Short text fragments from websites:
[Start of Attachment]

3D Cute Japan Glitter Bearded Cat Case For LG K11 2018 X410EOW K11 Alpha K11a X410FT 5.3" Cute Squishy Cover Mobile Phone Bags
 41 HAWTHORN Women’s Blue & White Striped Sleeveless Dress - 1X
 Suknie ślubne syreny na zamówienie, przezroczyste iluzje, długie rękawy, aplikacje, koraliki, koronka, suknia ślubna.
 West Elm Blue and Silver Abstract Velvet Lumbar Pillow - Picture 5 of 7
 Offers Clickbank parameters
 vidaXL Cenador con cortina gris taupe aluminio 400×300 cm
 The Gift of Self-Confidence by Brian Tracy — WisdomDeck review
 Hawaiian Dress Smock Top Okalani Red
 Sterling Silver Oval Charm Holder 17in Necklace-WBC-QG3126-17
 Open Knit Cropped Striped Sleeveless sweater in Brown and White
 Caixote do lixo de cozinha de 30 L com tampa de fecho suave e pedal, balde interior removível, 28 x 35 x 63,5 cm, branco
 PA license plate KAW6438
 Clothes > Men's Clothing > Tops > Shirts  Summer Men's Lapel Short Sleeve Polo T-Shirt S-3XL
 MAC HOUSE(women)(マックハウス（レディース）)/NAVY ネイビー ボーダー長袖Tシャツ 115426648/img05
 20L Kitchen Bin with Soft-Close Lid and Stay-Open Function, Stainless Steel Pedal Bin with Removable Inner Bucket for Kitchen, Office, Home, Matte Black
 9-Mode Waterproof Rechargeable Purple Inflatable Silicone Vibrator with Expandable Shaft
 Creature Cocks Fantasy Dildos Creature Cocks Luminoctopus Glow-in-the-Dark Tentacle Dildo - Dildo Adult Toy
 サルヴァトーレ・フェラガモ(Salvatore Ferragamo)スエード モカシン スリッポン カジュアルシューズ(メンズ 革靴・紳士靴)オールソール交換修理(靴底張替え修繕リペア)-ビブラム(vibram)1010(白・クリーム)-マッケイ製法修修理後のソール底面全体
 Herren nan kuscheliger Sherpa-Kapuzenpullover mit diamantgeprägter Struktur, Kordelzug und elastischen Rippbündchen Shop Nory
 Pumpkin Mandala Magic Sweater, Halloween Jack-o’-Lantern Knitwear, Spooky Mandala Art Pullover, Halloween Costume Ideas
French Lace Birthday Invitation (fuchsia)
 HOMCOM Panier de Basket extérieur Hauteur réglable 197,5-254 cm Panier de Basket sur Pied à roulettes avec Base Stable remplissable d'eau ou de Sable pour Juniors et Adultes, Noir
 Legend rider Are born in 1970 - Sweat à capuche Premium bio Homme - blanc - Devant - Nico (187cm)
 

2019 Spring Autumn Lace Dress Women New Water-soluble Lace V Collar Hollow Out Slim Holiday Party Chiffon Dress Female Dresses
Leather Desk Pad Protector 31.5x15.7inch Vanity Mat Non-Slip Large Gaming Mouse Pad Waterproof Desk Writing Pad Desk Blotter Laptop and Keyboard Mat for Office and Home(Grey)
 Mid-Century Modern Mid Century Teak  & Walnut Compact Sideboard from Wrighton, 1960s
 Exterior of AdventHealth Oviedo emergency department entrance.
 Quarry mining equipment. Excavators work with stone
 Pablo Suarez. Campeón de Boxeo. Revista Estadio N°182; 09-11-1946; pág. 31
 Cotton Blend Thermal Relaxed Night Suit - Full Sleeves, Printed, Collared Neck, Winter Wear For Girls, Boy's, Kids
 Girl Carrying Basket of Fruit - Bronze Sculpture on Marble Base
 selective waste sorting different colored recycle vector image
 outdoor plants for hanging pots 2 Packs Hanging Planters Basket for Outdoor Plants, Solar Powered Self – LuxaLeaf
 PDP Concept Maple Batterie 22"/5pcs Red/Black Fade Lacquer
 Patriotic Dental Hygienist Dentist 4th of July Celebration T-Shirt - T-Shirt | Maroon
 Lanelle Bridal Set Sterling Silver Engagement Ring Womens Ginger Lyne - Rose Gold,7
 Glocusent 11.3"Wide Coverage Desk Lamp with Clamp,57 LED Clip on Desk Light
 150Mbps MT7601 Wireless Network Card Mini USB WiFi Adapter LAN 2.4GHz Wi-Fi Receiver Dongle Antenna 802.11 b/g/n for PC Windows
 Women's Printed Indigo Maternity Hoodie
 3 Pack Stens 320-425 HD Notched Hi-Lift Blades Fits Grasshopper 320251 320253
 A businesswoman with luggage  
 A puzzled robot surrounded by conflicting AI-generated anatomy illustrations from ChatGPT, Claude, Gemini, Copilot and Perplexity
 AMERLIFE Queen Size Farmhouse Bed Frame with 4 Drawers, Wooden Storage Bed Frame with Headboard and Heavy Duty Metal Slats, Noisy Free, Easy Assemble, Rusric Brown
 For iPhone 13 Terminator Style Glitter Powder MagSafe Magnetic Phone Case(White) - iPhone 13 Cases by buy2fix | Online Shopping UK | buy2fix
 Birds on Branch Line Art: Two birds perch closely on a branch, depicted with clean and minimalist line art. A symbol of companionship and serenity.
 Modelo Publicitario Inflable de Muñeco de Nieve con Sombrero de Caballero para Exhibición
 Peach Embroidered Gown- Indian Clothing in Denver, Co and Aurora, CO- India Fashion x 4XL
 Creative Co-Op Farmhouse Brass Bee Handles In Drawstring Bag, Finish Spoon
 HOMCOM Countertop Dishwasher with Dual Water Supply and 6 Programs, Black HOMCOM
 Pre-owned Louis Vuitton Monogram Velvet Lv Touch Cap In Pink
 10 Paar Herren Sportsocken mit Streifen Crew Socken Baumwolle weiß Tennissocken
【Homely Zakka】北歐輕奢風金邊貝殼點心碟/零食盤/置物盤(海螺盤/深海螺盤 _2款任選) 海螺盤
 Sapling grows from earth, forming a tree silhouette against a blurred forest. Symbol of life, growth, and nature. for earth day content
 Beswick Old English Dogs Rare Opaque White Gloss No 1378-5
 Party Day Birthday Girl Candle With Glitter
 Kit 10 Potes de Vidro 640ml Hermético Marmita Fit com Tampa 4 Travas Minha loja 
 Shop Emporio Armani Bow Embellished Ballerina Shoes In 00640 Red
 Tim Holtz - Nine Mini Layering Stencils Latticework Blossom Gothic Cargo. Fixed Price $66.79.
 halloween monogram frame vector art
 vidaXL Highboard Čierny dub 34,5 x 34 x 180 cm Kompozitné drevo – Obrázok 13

[End of Attachment]

■ **Task item**
Reproduce exactly the lines above from the line with "Suknie ślubne syreny" to the line with "vidaXL Cenador con", including both, and add nothing.

■ **Solution for this exercise**
 Suknie ślubne syreny na zamówienie, przezroczyste iluzje, długie rękawy, aplikacje, koraliki, koronka, suknia ślubna.
 West Elm Blue and Silver Abstract Velvet Lumbar Pillow - Picture 5 of 7
 Offers Clickbank parameters
 vidaXL Cenador con cortina gris taupe aluminio 400×300 cm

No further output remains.